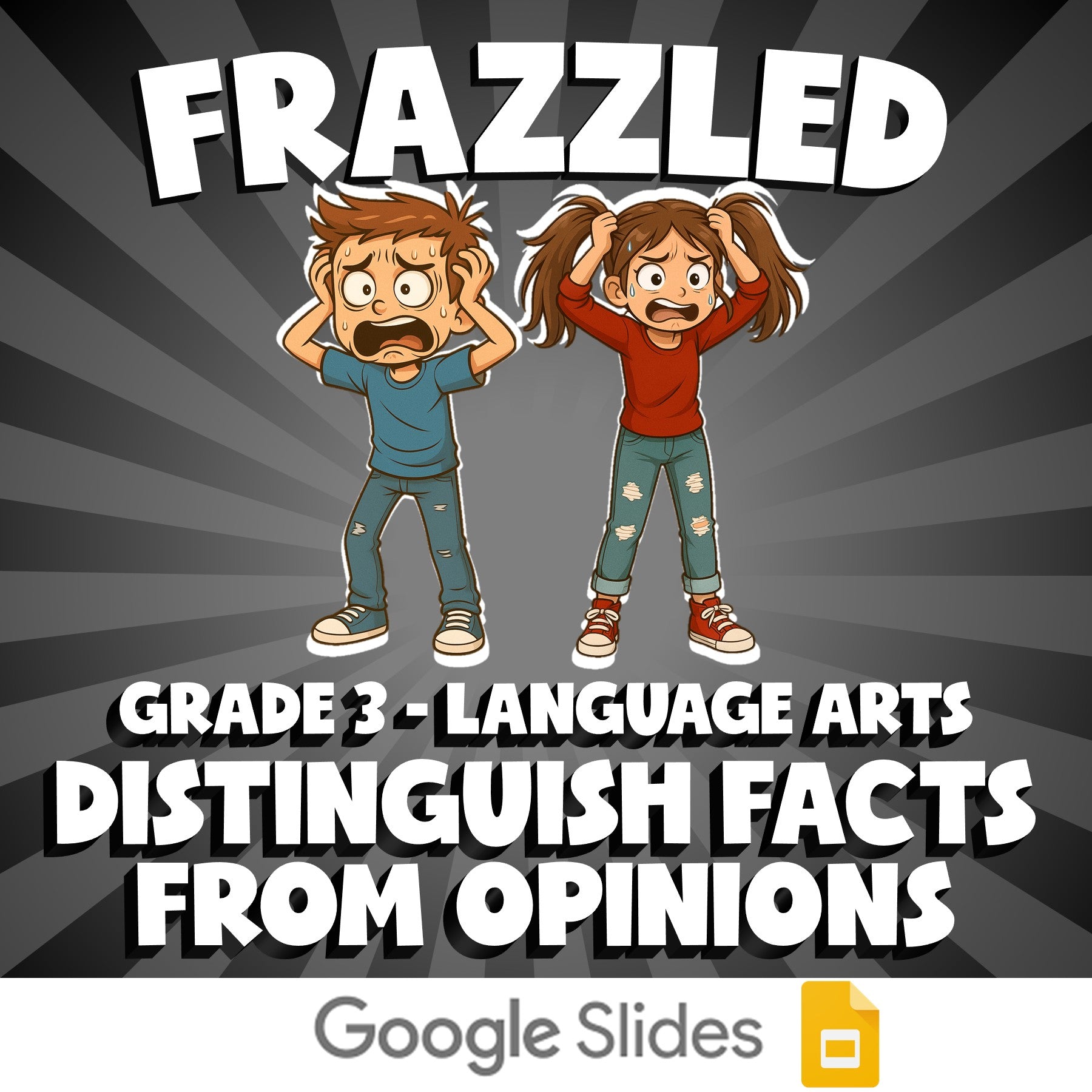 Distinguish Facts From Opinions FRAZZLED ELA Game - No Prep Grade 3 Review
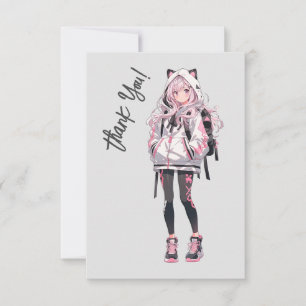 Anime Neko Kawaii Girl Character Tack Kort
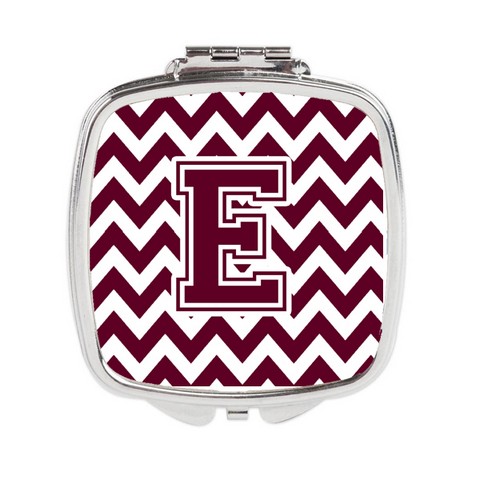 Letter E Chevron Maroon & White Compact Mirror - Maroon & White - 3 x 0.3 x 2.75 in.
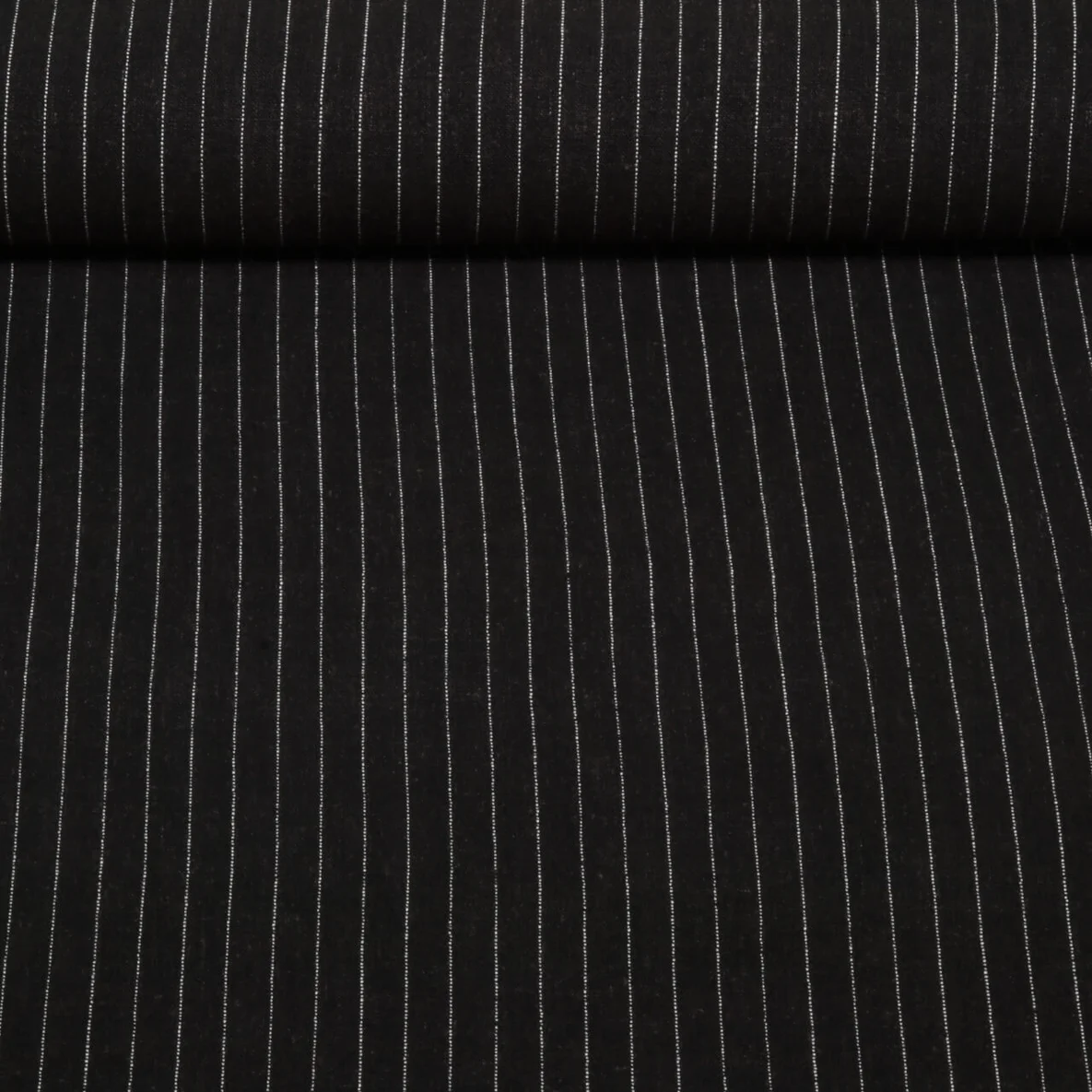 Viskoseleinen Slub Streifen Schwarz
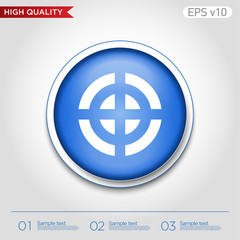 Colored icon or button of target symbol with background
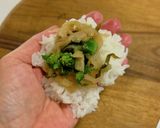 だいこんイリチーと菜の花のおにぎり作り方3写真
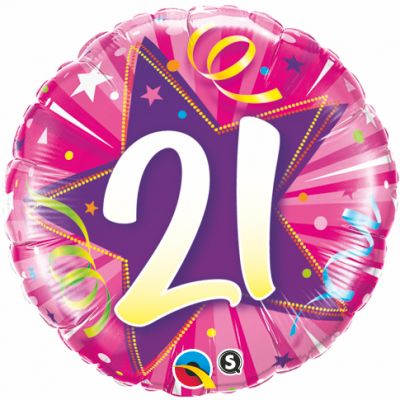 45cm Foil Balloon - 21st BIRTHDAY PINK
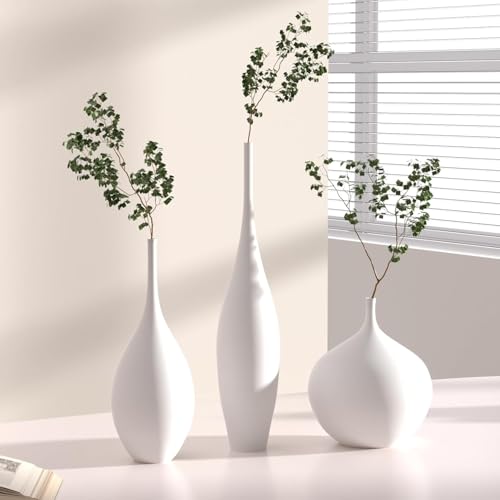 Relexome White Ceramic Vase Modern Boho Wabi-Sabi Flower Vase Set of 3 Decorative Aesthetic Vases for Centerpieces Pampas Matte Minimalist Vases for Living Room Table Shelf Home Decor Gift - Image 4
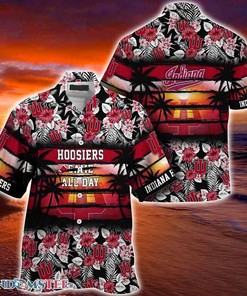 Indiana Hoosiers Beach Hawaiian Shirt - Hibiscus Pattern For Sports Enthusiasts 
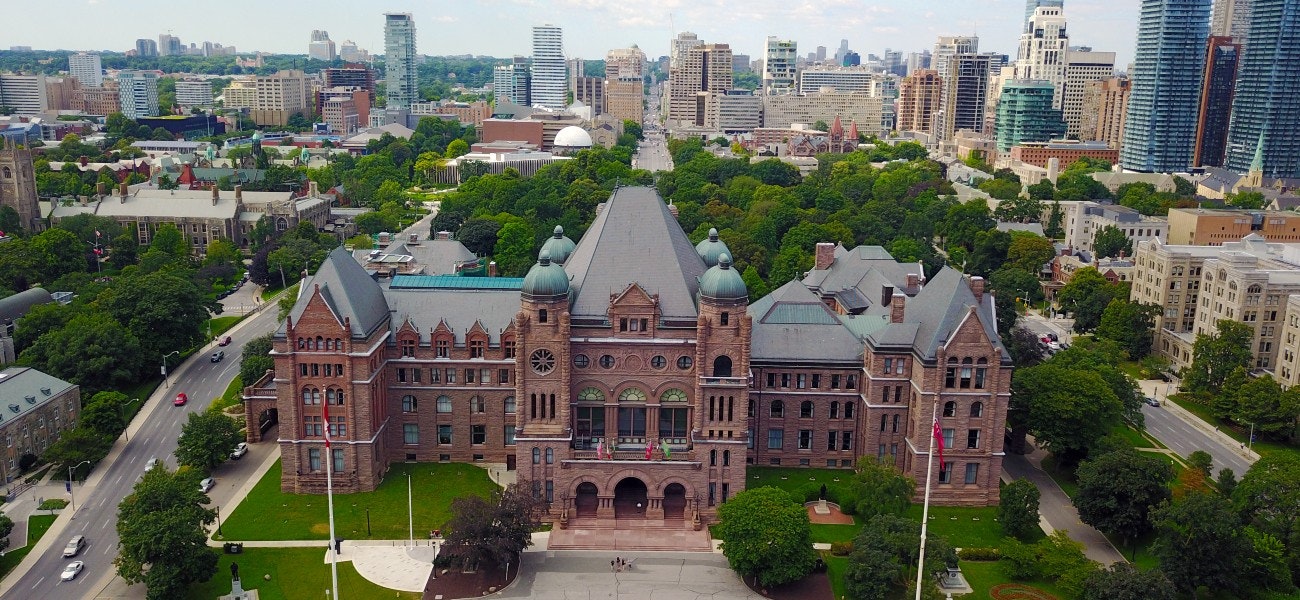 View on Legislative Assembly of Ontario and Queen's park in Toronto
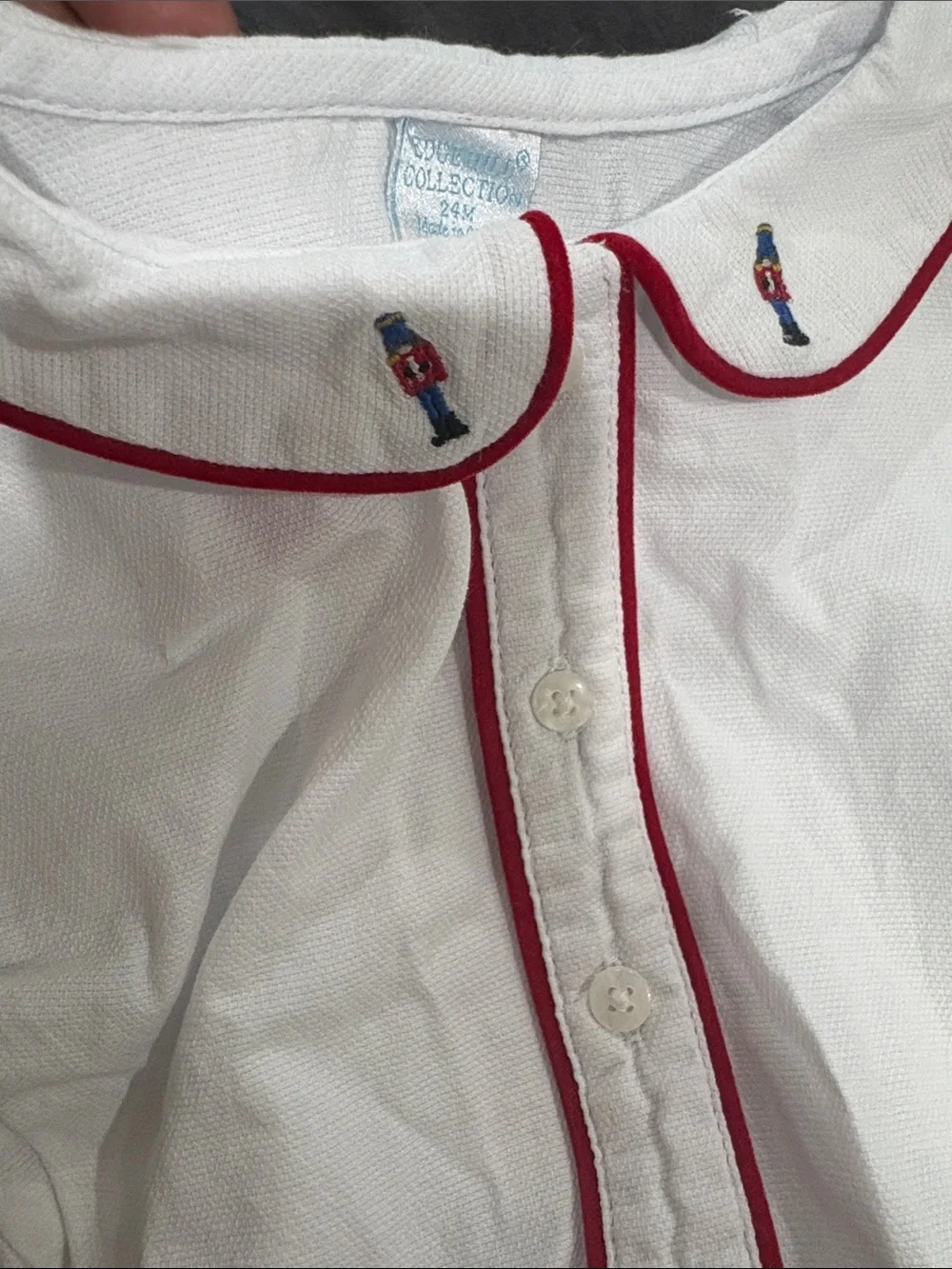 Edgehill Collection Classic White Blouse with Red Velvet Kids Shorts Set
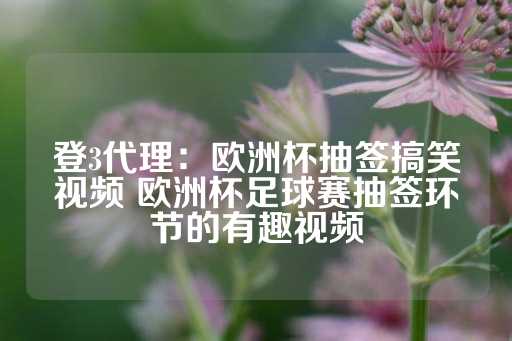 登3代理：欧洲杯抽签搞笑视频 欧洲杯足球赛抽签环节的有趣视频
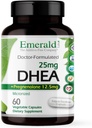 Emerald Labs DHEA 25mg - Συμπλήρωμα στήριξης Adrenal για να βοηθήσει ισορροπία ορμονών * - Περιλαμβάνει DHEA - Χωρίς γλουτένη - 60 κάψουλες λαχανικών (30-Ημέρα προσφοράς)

────────────────

- **Directions for this task**
Give again, word for word, only the lines that run from the top of the data above through the line with "45cm Foil Balloon - 21st BIRTHDAY PINK". Drop the pictures.

- **Written response**
 Distinguish Facts From Opinions FRAZZLED ELA Game - No Prep Grade 3 Review
 Anime Neko Kawaii Girl Character Tack Kort
 Letter E Chevron Maroon & White Compact Mirror - Maroon & White - 3 x 0.3 x 2.75 in.
 Viskoseleinen Slub Streifen Schwarz
 Colored icon or button of target symbol with background
 だいこんイリチーと菜の花のおにぎり作り方3写真
 45cm Foil Balloon - 21st BIRTHDAY PINK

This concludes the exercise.